**Task requirements:** Strip the pictures, then copy the remaining data exactly as it stands.

Captioned web images:
____
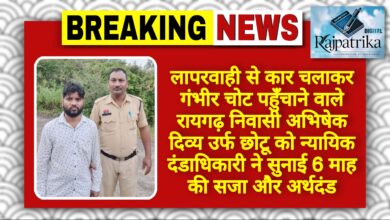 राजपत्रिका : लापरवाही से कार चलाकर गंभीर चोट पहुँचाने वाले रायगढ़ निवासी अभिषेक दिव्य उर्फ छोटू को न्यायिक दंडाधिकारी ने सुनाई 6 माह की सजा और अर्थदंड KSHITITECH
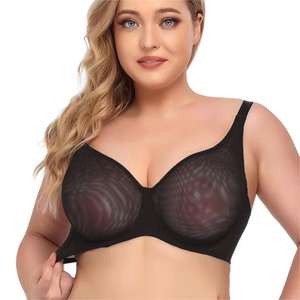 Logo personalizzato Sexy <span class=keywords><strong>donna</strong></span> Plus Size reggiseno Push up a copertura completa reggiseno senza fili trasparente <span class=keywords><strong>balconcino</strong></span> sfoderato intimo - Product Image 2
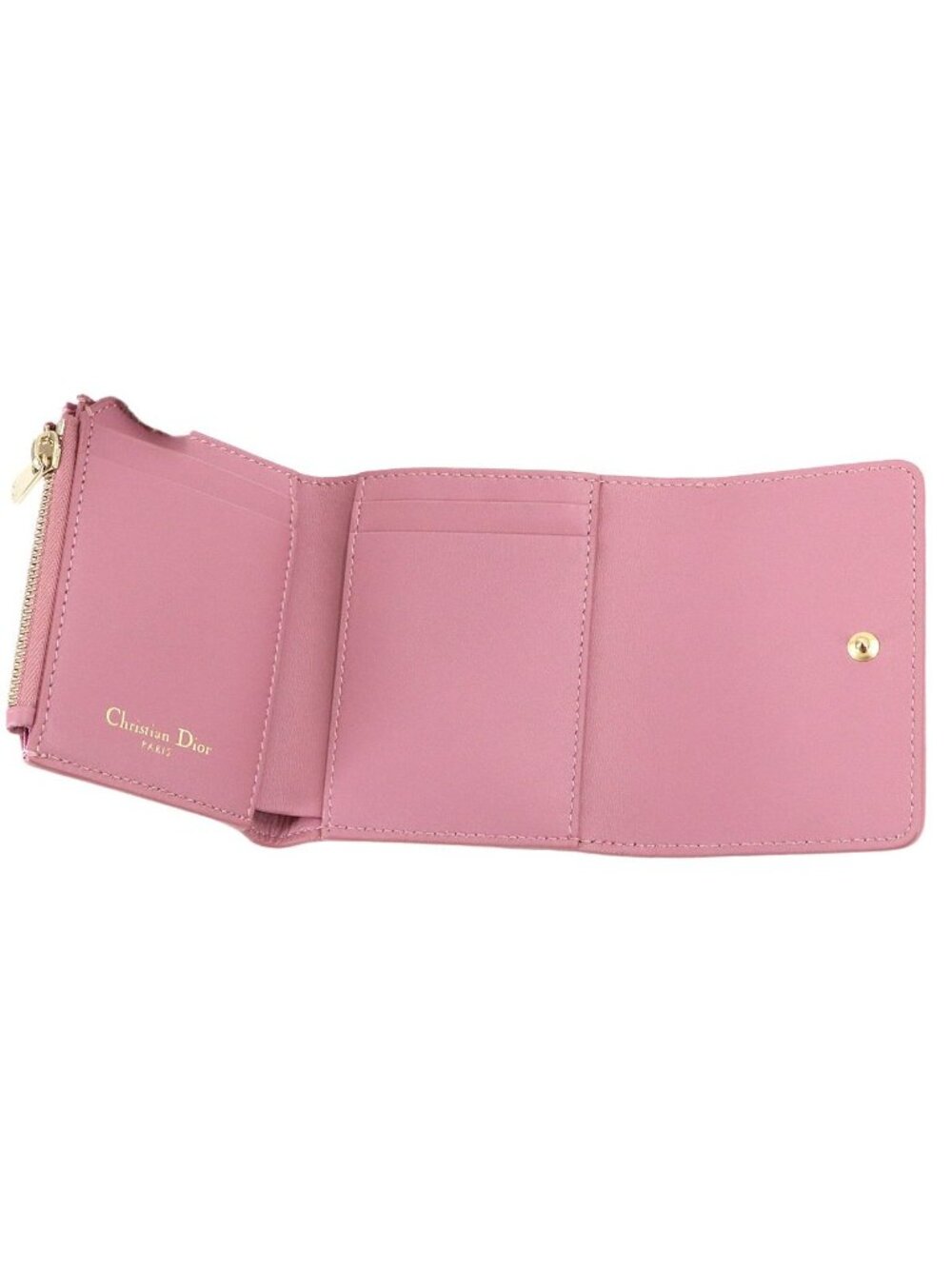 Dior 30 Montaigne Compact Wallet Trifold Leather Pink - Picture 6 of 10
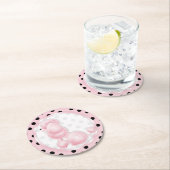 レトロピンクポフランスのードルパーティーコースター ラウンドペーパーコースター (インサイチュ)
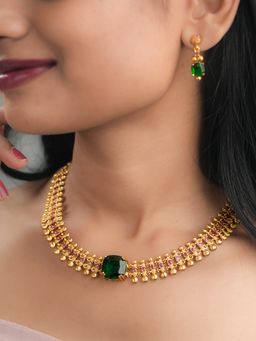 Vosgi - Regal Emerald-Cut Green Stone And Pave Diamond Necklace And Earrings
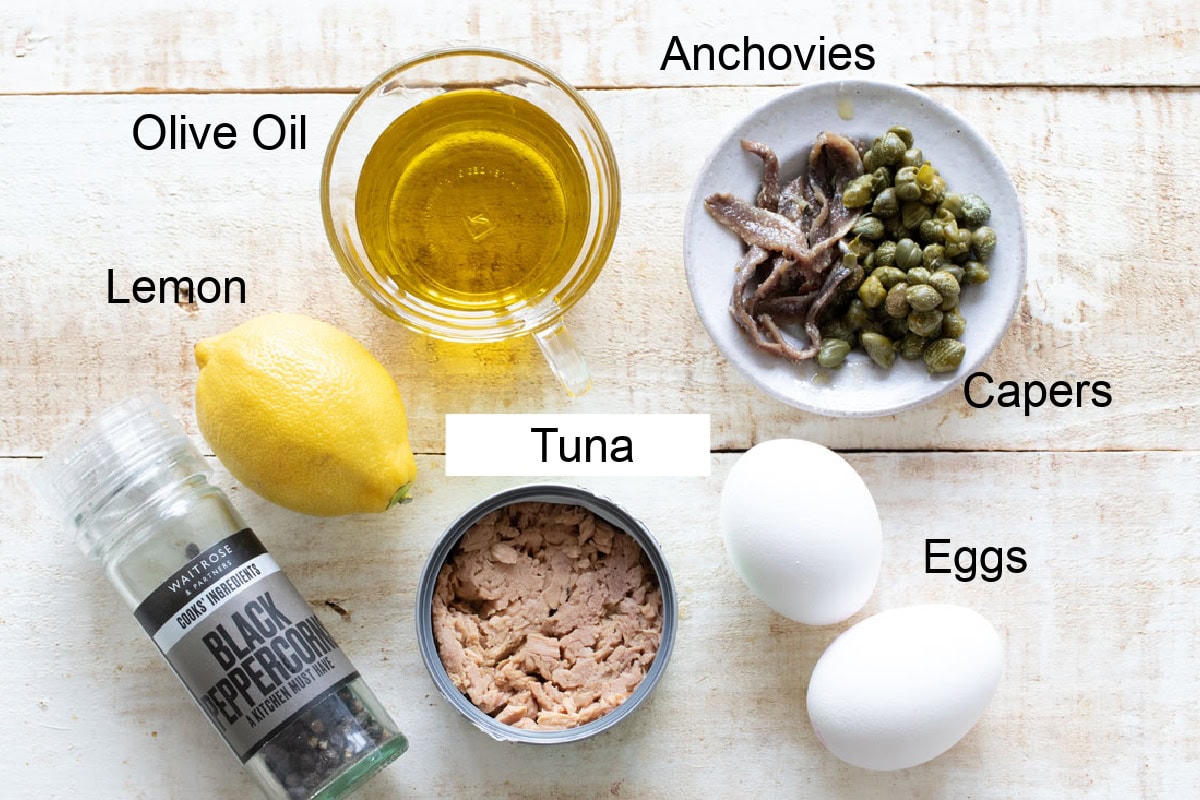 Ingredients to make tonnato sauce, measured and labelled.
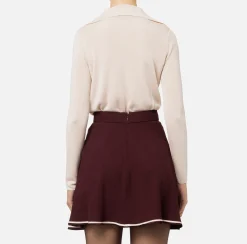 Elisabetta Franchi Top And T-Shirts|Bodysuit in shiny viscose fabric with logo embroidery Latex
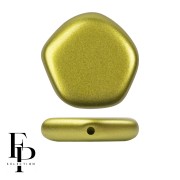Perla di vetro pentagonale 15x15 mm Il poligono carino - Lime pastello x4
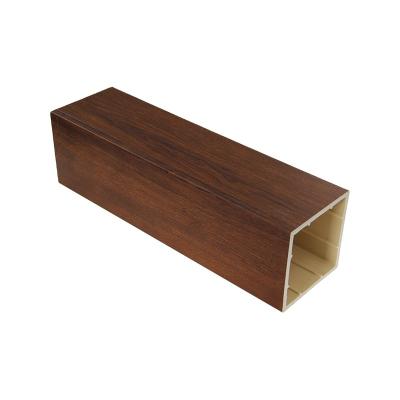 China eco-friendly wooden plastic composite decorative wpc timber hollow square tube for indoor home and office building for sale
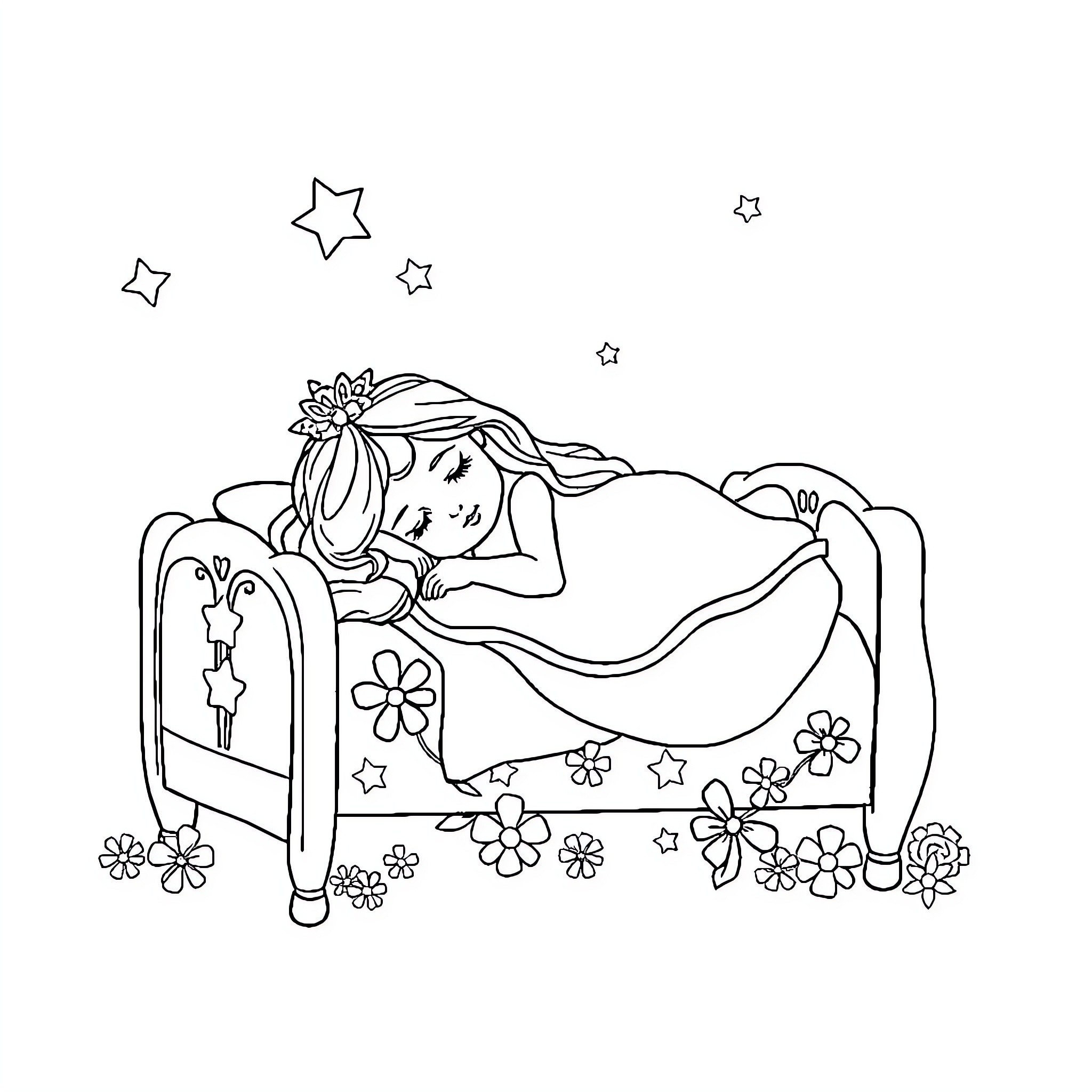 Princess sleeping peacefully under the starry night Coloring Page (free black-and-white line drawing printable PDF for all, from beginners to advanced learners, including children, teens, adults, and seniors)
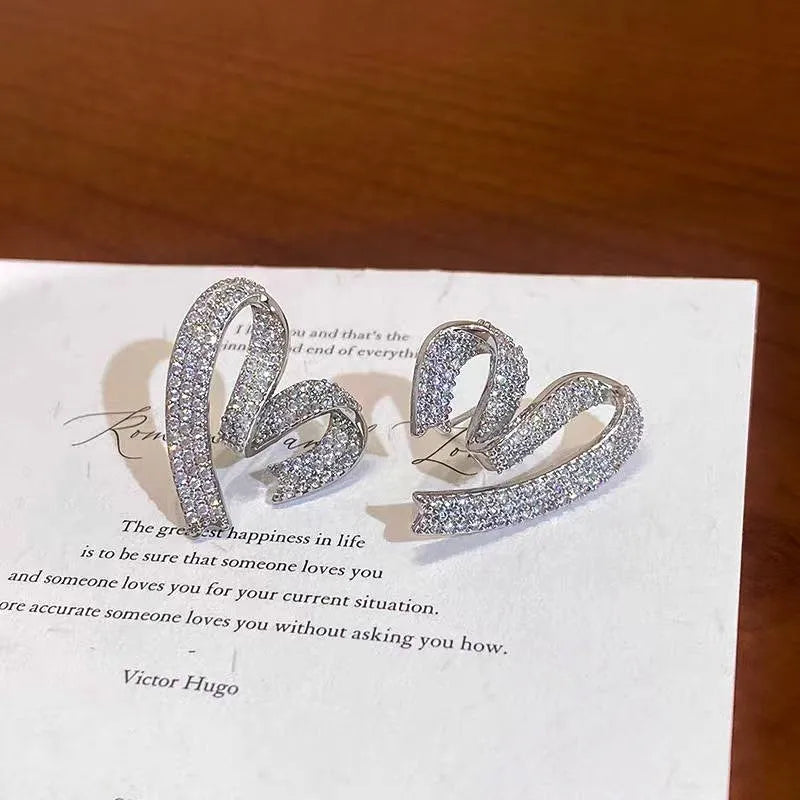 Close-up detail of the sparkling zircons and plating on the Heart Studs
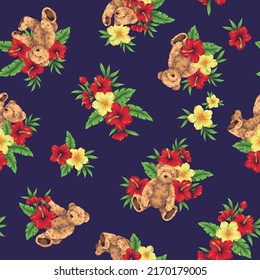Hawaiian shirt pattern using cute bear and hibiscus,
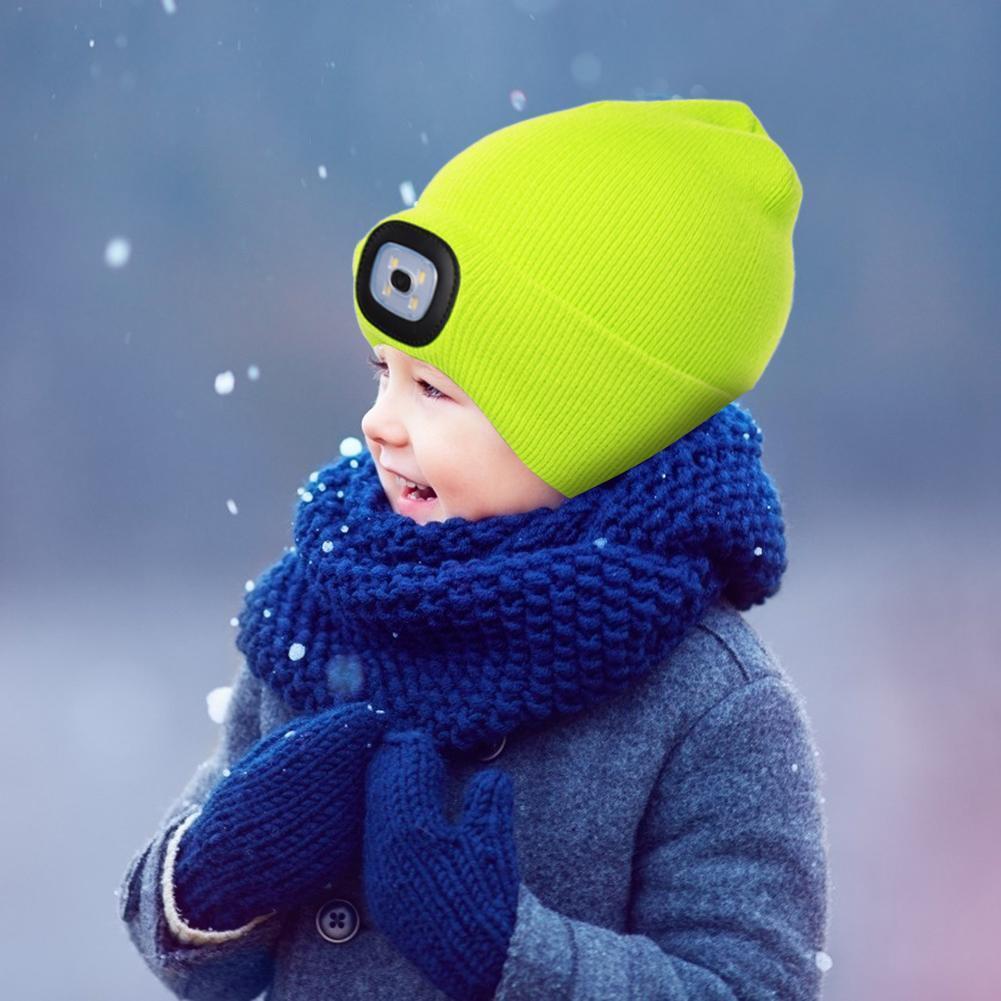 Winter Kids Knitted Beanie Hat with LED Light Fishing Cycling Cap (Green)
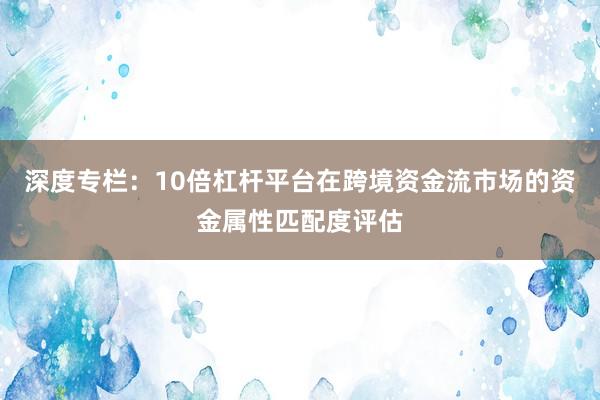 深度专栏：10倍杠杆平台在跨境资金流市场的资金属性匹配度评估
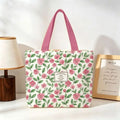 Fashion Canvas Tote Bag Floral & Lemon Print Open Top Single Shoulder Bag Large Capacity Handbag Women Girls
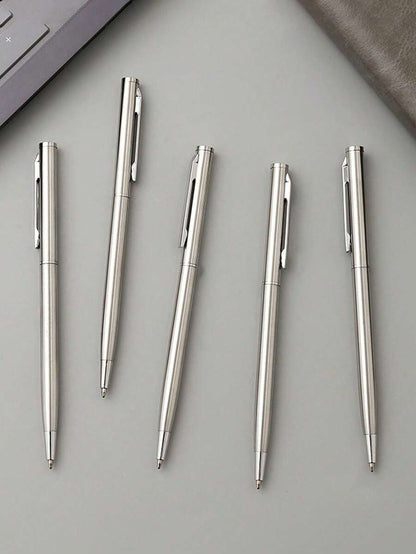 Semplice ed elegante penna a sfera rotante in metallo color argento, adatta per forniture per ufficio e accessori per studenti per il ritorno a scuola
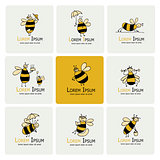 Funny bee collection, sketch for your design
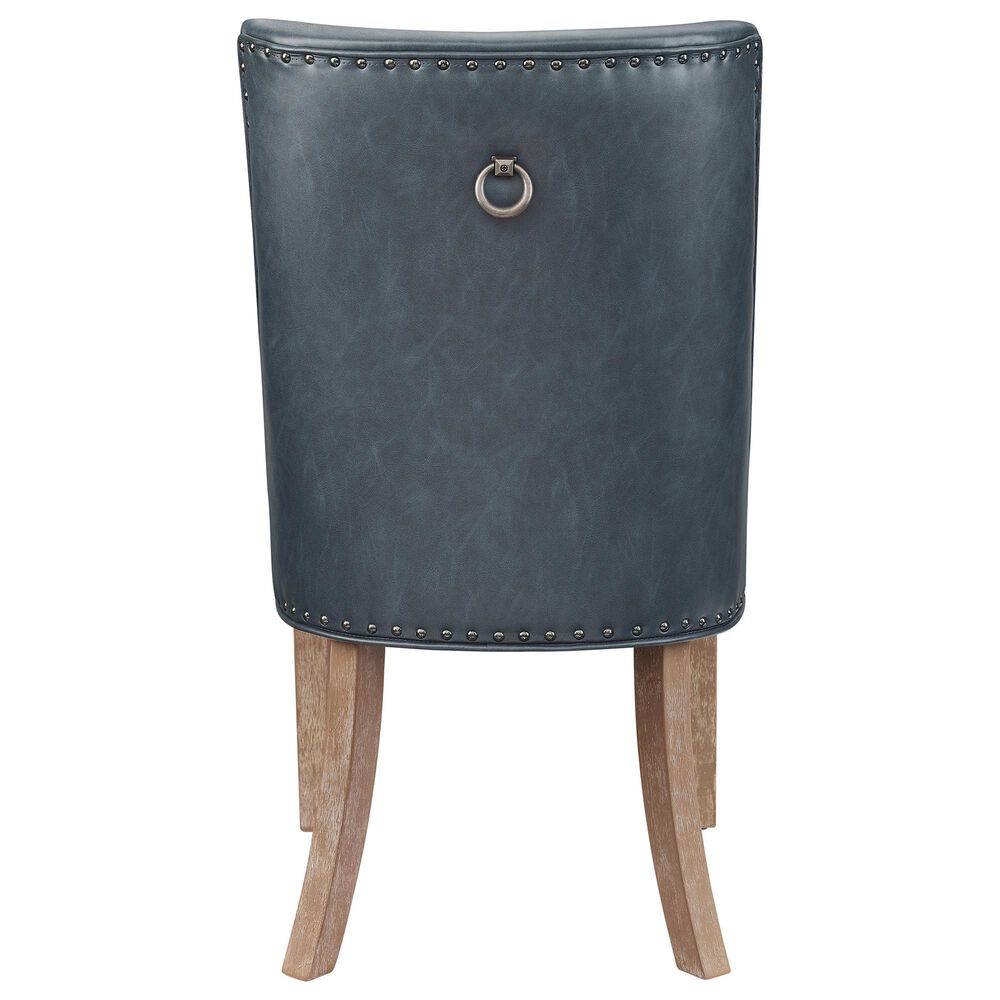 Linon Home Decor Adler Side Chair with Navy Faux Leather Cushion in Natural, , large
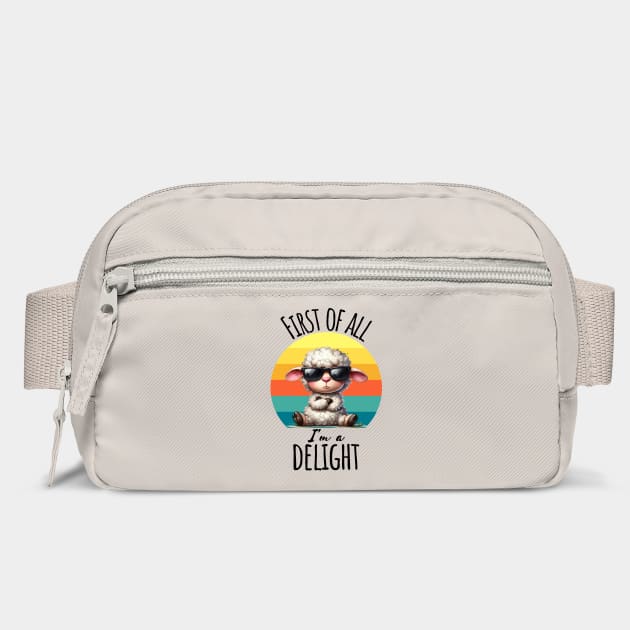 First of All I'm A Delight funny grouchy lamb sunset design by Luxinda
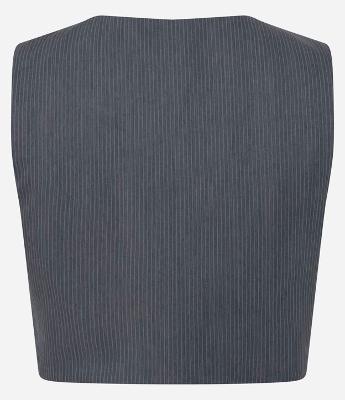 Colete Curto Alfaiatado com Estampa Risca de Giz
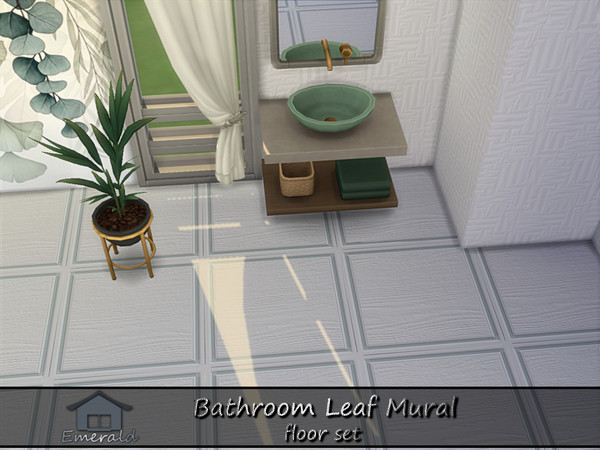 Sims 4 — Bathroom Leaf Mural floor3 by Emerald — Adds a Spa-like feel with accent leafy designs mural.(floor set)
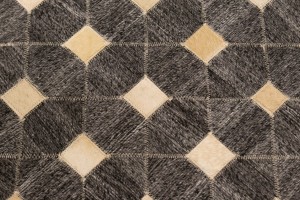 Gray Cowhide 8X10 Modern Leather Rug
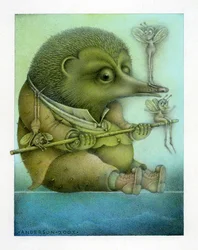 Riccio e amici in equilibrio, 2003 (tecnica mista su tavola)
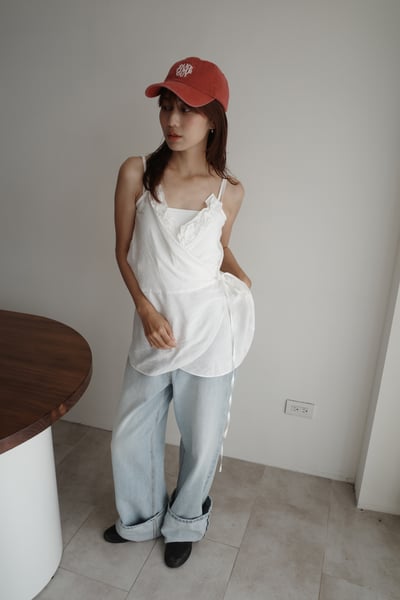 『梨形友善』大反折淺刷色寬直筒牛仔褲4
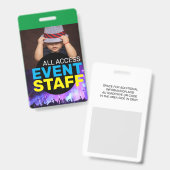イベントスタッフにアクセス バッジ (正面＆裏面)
____
**Output for this exercise:**
 राजपत्रिका : लापरवाही से कार चलाकर गंभीर चोट पहुँचाने वाले रायगढ़ निवासी अभिषेक दिव्य उर्फ छोटू को न्यायिक दंडाधिकारी ने सुनाई 6 माह की सजा और अर्थदंड KSHITITECH
 Logo personalizzato Sexy <span class=keywords><strong>donna</strong></span> Plus Size reggiseno Push up a copertura completa reggiseno senza fili trasparente <span class=keywords><strong>balconcino</strong></span> sfoderato intimo - Product Image 2
 Dior 30 Montaigne Compact Wallet Trifold Leather Pink - Picture 6 of 10
 レトロピンクポフランスのードルパーティーコースター ラウンドペーパーコースター (インサイチュ)
 Vosgi - Regal Emerald-Cut Green Stone And Pave Diamond Necklace And Earrings
 Ingredients to make tonnato sauce, measured and labelled.
 Elisabetta Franchi Top And T-Shirts|Bodysuit in shiny viscose fabric with logo embroidery Latex
Perla di vetro pentagonale 15x15 mm Il poligono carino - Lime pastello x4
 China eco-friendly wooden plastic composite decorative wpc timber hollow square tube for indoor home and office building for sale
 Princess sleeping peacefully under the starry night Coloring Page (free black-and-white line drawing printable PDF for all, from beginners to advanced learners, including children, teens, adults, and seniors)
 Close-up detail of the sparkling zircons and plating on the Heart Studs
Hawaiian shirt pattern using cute bear and hibiscus,
 Winter Kids Knitted Beanie Hat with LED Light Fishing Cycling Cap (Green)
 深度专栏：10倍杠杆平台在跨境资金流市场的资金属性匹配度评估
 Fashion Canvas Tote Bag Floral & Lemon Print Open Top Single Shoulder Bag Large Capacity Handbag Women Girls
 Semplice ed elegante penna a sfera rotante in metallo color argento, adatta per forniture per ufficio e accessori per studenti per il ritorno a scuola
 Funny bee collection, sketch for your design
 Linon Home Decor Adler Side Chair with Navy Faux Leather Cushion in Natural, , large
 First of All I'm A Delight funny grouchy lamb sunset design by Luxinda
 Colete Curto Alfaiatado com Estampa Risca de Giz
 Sims 4 — Bathroom Leaf Mural floor3 by Emerald — Adds a Spa-like feel with accent leafy designs mural.(floor set)
 Gray Cowhide 8X10 Modern Leather Rug
 Riccio e amici in equilibrio, 2003 (tecnica mista su tavola)
 『梨形友善』大反折淺刷色寬直筒牛仔褲4
イベントスタッフにアクセス バッジ (正面＆裏面)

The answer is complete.